Les véhicules électriques sont-ils vraiment une solution d’avenir ?

19 Juin 2018

Comment peut-on bien répondre au réchauffement climatique ? La pollution produite par l’essor des véhicules carburant aux énergies fossiles depuis près d’un siècle a poussé les constructeurs automobiles à revisiter ces dernières années les manières de concevoir nos modes de déplacement. En particulier, l’apparition des voitures électriques apparaît comme étant une solution d’avenir en matière de mobilité, notamment pour limiter l’émanation des gaz à effet de serre liés au réchauffement climatique. Mais cela fonctionne-t-il vraiment ? Le développement de ces véhicules, accompagné d’une demande croissante de matériaux rares n’entraînerait-il pas à terme une autre crise environnementale, voire politique ? Essayons de comprendre le paradoxe qui se construit et de déterminer si les véhicules électriques sont effectivement le miroitement d’une mobilité durable.

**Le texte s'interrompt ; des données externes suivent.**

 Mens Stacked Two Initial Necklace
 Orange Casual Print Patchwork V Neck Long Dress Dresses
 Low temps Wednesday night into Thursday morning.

visuel de voiture electrique

Les voitures électriques sont-elles vraiment une solution d’avenir ?

 

Changer la consommation pour contrer le réchauffement

On le sait bien aujourd’hui, l’émanation de certains gaz dans l’atmosphère participe au réchauffement climatique, qui a commencé il y a maintenant un peu plus d’un siècle. Et avec l’apparition de la voiture à essence, la tendance est loin d’avoir été inversée. Les gaz à effet de serre désignent les éléments volatiles, notamment dégagés par le carburant fossile des mobilités qui ont incroyablement fleuri au fil des décennies depuis le début du vingtième siècle. Ces gaz se concentrent dans l’atmosphère et ont pour conséquence d’empêcher certains rayons lumineux délivrés par le soleil, qui ont quand même atteint la terre, de s’échapper de l’emprise de l’atmosphère. Ces rayons réchauffent petit à petit l’air ambiant et les effets s’en font ressentir sur l’ensemble du globe. En parallèle, ce phénomène est accompagné d’un accroissement de la quantité de gaz nocifs pour la santé, en particulier au sein des villes.

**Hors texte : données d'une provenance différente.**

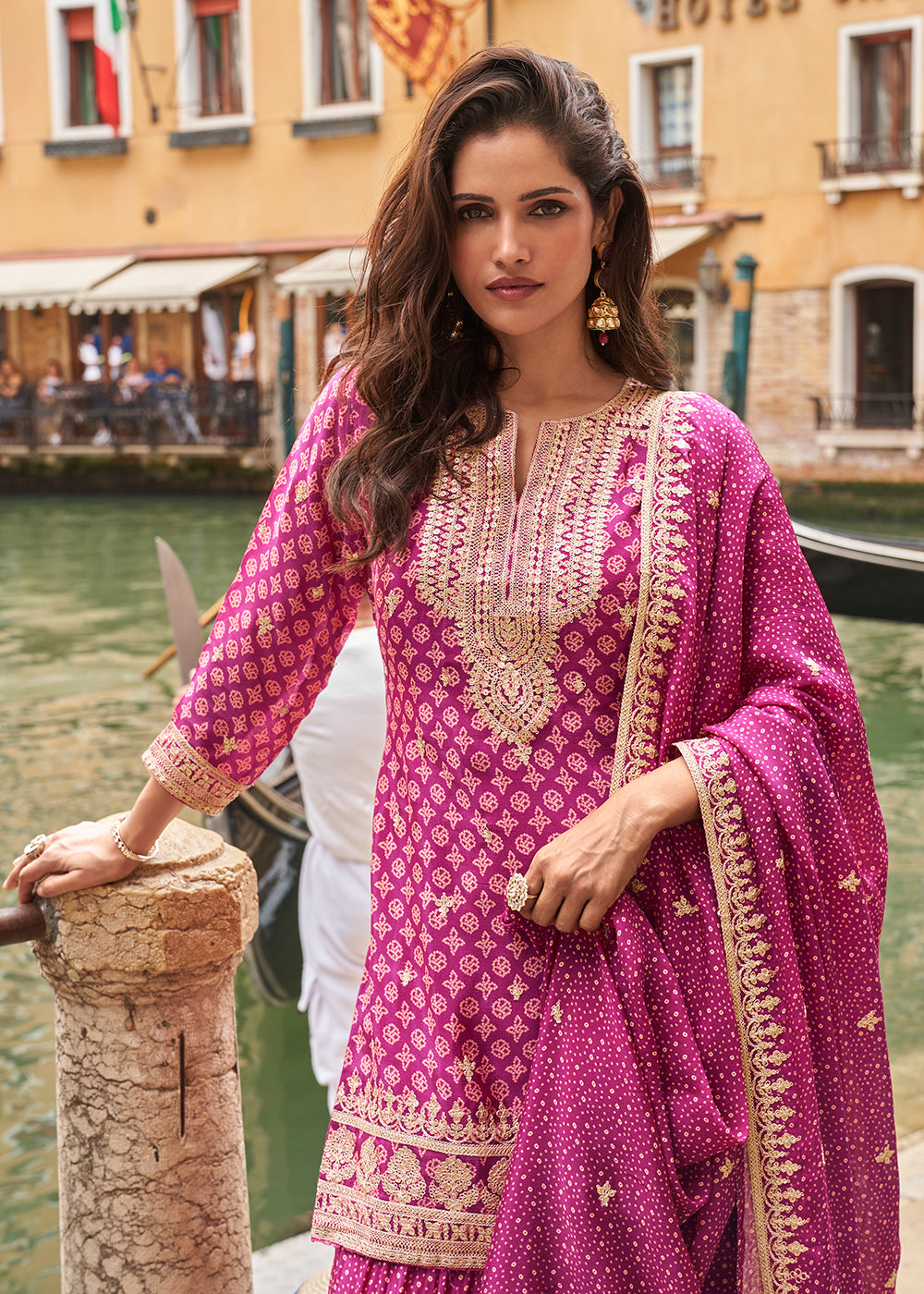 Buy Now Magenta Pink Zari Threads Palazzo Style Suit Online in US, UK, Canada, Germany, Italy, France, Austria, Australia, UAE, Denmark & Worldwide at Empress.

Les enjeux environnementaux induits par l’utilisation de véhicules polluants nous poussent donc à repenser nos modes de déplacement. Si les voitures qui carburent aux ressources fossiles dégagent trop de gaz nocif et accentuent le réchauffement climatique, les diverses inventions et innovations ayant pour objectif de lutter contre la sur-utilisation de véhicules polluants tendent à faire apparaître sur nos routes des véhicules ou des modes de déplacements qui paraissent être plus sains pour la planète, mais aussi pour la santé de tous.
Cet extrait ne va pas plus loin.